Fabien Pithia

Personal information
- Full name: Louis Désiré Fabien Pithia
- Date of birth: 7 May 1987 (age 38)
- Place of birth: Mauritius
- Position: Midfielder

Team information
- Current team: Curepipe Starlight

Senior career*
- Years: Team / Apps / (Gls)
- 2006–2012: Savanne SC / – / (–)
- 2012–2013: ASPL 2000 / – / (–)
- 2014–: Curepipe Starlight / – / (–)

International career^{‡}
- 2008–2015: Mauritius / 25 / (1)

= Fabien Pithia =

Mauritian footballer (born 1987)

Fabien Pithia (born 7 May 1987) is a Mauritian footballer who plays for Curepipe Starlight in the Mauritian League as a midfielder.

==Career==
===Senior career===
Fabien started off his professional career in 2006 with Savanne SC, and has played with the club ever since.
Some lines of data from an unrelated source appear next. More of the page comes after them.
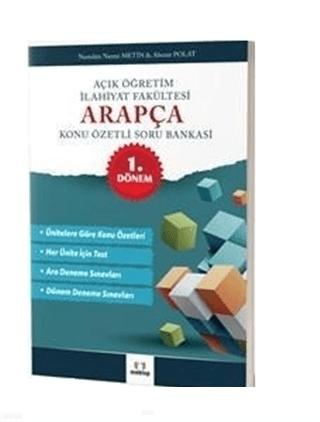 Açık Öğretim İlahiyat Fakültesi Arapça Konu Özetli Soru Bankası | Mektep Yayınları (Ciltsiz)  - Resim 1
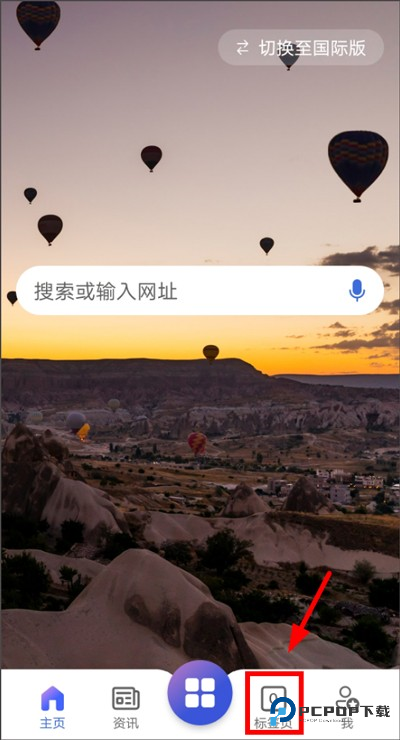 必应国际版最新版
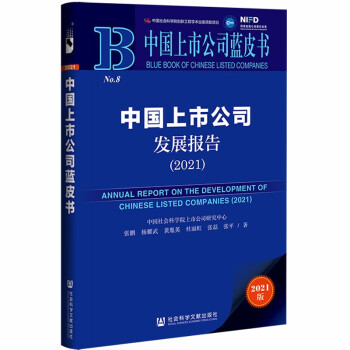 中国上市公司蓝皮书：中国上市公司发展报告（2021） pdf格式下载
===International career===
Fabien earned his first cap for Club M in 2008.

===International goals===
Scores and results list Mauritius' goal tally first.

| No | Date | Venue | Opponent | Score | Result | Competition |
|---|---|---|---|---|---|---|
| 1. | 6 September 2015 | Stade Anjalay, Belle Vue Maurel, Mauritius | Mozambique | 1–0 | 1–0 | 2017 Africa Cup of Nations qualification |

==Personal==
Fabien has a twin brother, Fabrice, who also played in the Mauritian League for Curepipe Starlight as well as for Club M internationally.